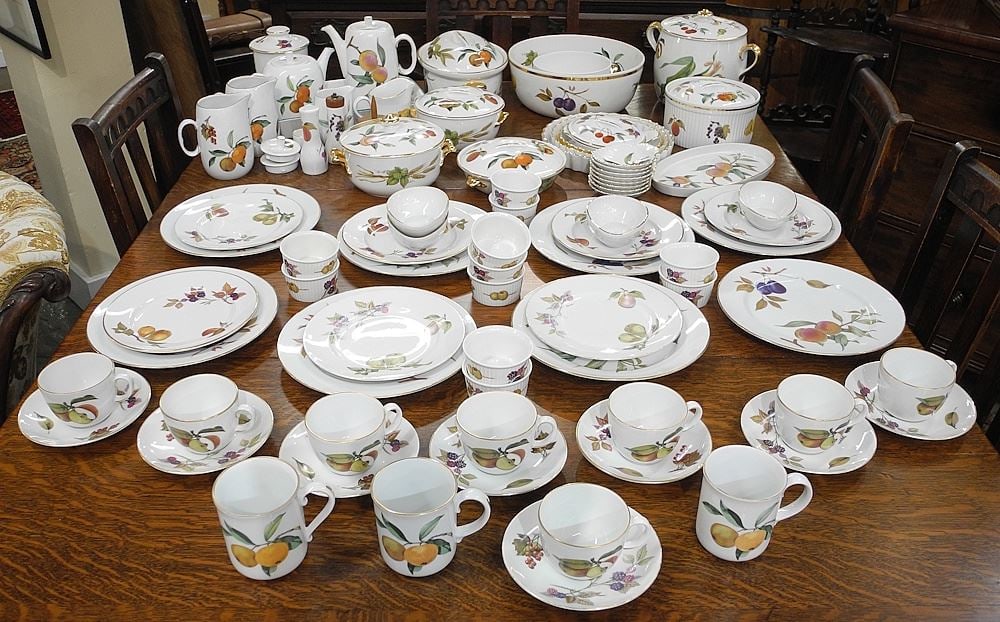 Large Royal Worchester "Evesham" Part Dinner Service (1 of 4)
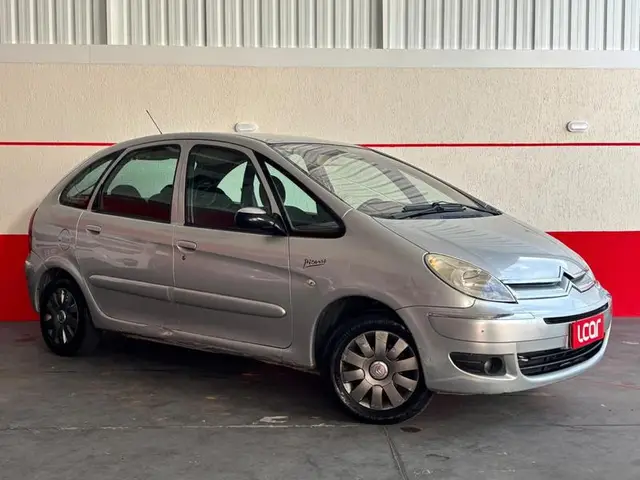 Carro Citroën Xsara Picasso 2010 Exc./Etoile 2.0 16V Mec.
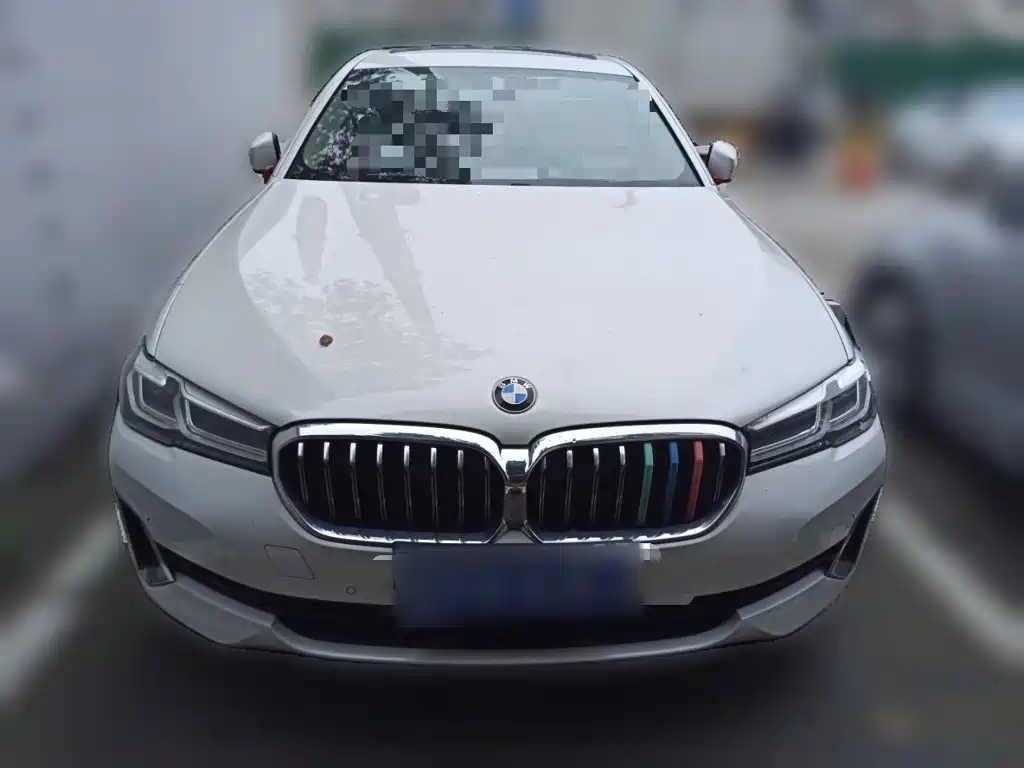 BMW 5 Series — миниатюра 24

==============================

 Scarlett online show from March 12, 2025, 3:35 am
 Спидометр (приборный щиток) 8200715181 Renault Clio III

==============================

■ **TASK BRIEF**
Once the line with "Large Royal Worchester" has been found above, output that line and every later line exactly, stopping after the line with "BMW 5 Series — миниатюра 24", and omit the pictures.

■ **EXERCISE SOLUTION**
 Large Royal Worchester "Evesham" Part Dinner Service (1 of 4)
 Carro Citroën Xsara Picasso 2010 Exc./Etoile 2.0 16V Mec.
 BMW 5 Series — миниатюра 24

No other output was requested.